2.9. Ten aanzien van een aantal aspecten hebben [appellanten] zich in hun beroepschrift beperkt tot verwijzing naar eerder ingediende stukken waaronder de bedenkingen. In het bestreden besluit is op deze bedenkingen ingegaan. [appellanten] hebben geen redenen aangevoerd, waarom de weerlegging van de desbetreffende bedenkingen in het bestreden besluit onjuist is. Ook voor het overige is niet gebleken dat die weerlegging in het bestreden besluit onjuist zou zijn.
2.10. De conclusie is dat hetgeen [appellanten] hebben aangevoerd geen aanleiding geeft voor het oordeel dat het college zich niet in redelijkheid op het standpunt heeft kunnen stellen dat het plan niet in strijd is met een goede ruimtelijke ordening. In het aangevoerde wordt evenmin aanleiding gevonden voor het oordeel dat het bestreden besluit anderszins is voorbereid of genomen in strijd met het recht.

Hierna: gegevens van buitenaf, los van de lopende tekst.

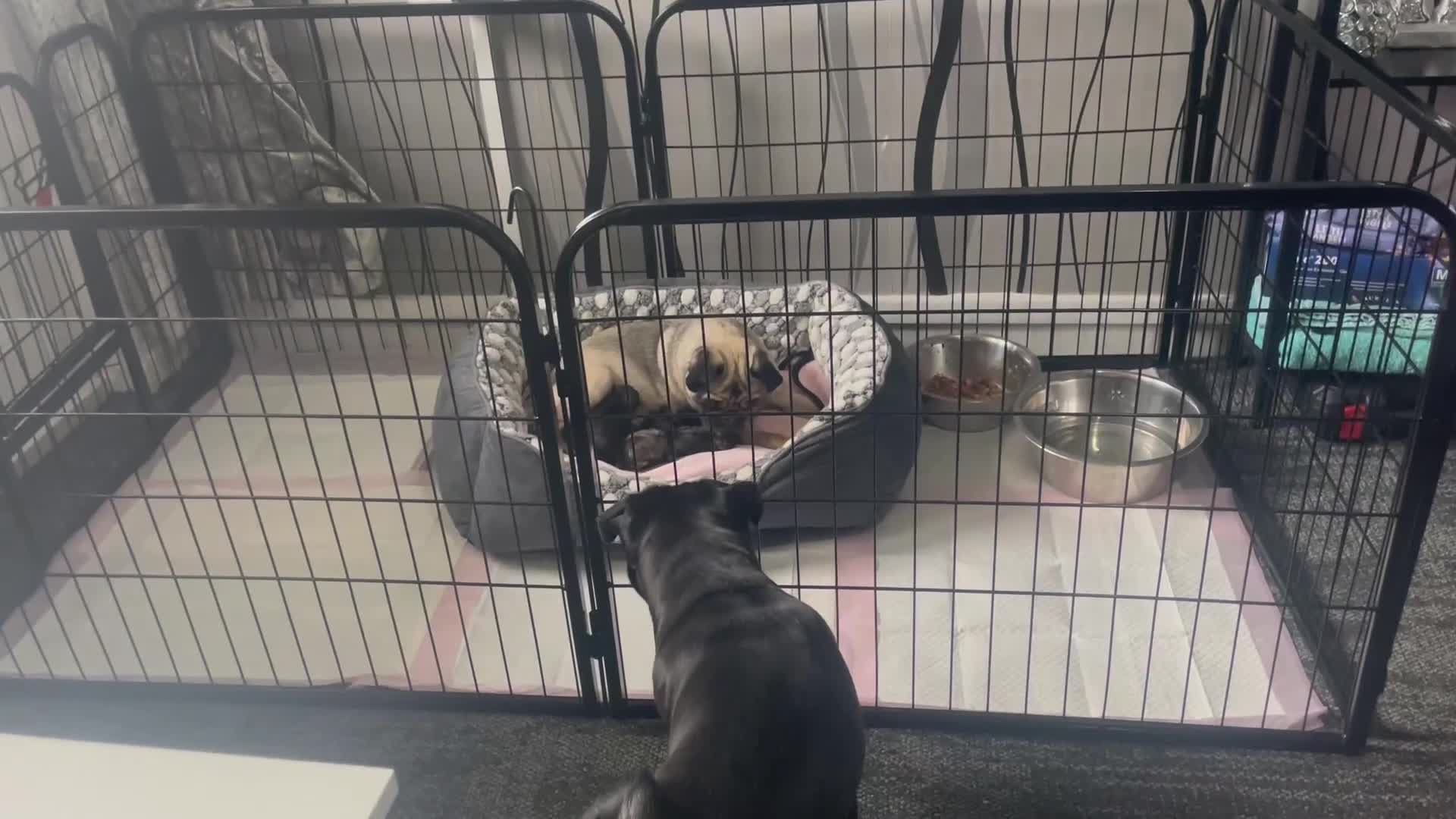 Pug dogs for sale: 4 beautiful pugs for sale 1 boy 3 girls  - Video 2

2.11. Nu het beroep ongegrond is, bestaat aanleiding het verzoek om het treffen van de gevraagde voorlopige voorziening af te wijzen.
2.12. Voor een proceskostenveroordeling bestaat geen aanleiding.
De voorzitter van de Afdeling bestuursrechtspraak van de Raad van State
Recht doende in naam der Koningin:
I. verklaart het beroep ongegrond;
II. wijst het verzoek af.
Aldus vastgesteld door mr. H.Ph.J.A.M. Hennekens, als voorzitter, in tegenwoordigheid van mr. B.S. Jansen, ambtenaar van Staat.